Bihar FM supports saving Dutch-era Collectorate, linking culture, heritage with tourism

In the absence of a holistic preservation policy, several heritage properties in Patna are fighting a losing battle against modernity, giving way to high-rise buildings.

By: PTI | Patna | Updated: June 19, 2016 9:21 am
Bihar finance minister, bihar finance minister abdul bari siddiqui, darbhanga, bihar news, bihar heritage, heritage buildings bihar, nitish kumar, nalanda university, india news Bihar Finance Minister Abdul Bari Siddiqui suggested saving historical buildings in the state, lamenting the loss of built heritage in the past several decades.

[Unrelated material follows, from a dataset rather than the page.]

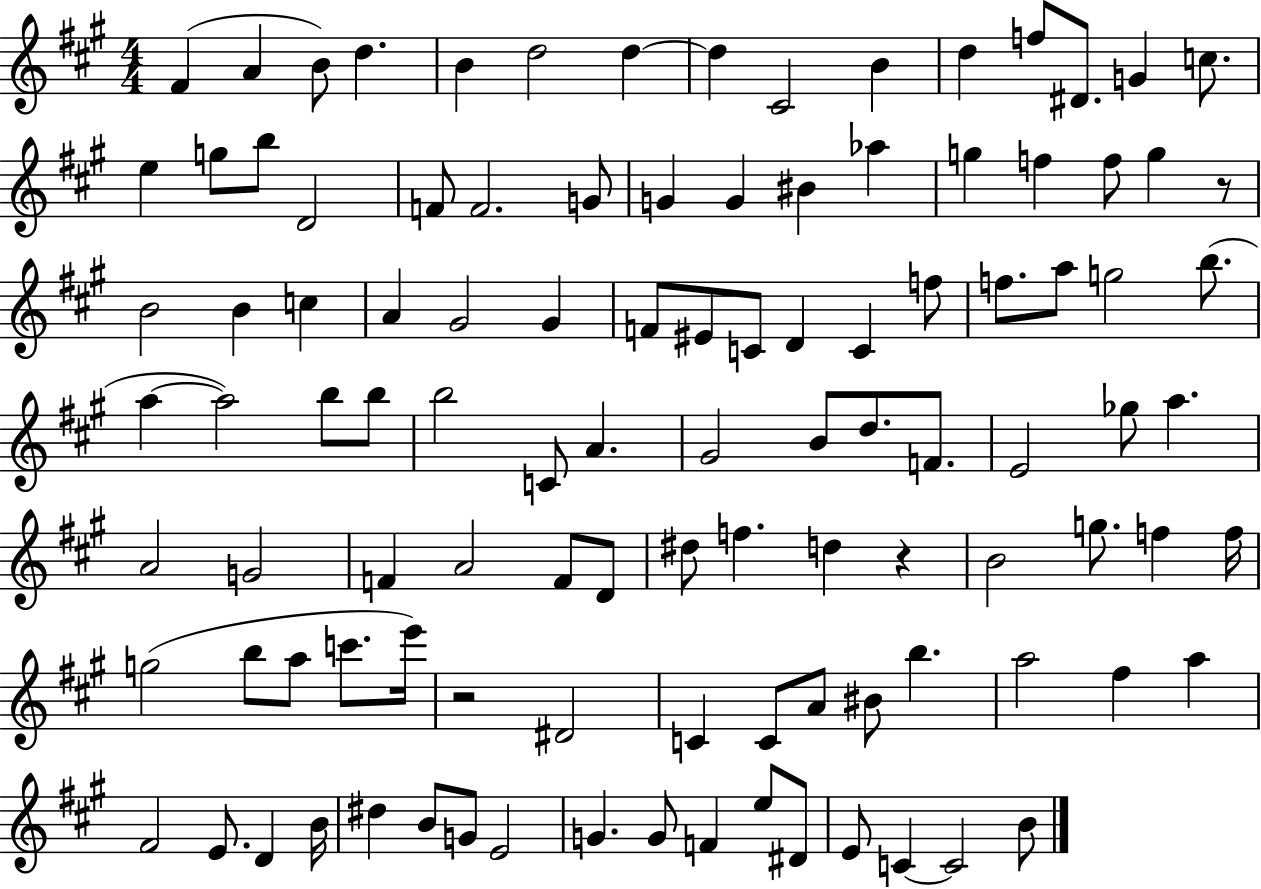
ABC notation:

Lamenting the loss of built heritage in the state in the past several decades, Bihar Finance Minister Abdul Bari Siddiqui has suggested saving historical buildings, including the Dutch-era Collectorate in the state capital and linking such structures with culture and tourism instead of dismantling them.

“Even till late 60s, Patna was a beautiful city with old buildings — from government bungalows to private houses. kothis and mansions — dotting its streets, adding to the charm. Unfortunately, with the passage of time, we lost so many of them including the iconic Dak Bungalow. The real estate explosion and rapid urbanisation has dealt a severe blow to the city’s heritage,” he said.

In the absence of a holistic preservation policy, several heritage properties in Patna are fighting a losing battle against modernity, giving way to high-rise buildings. The latest to face this is the city’s century-old Collectorate, spanning Dutch and British history of the capital.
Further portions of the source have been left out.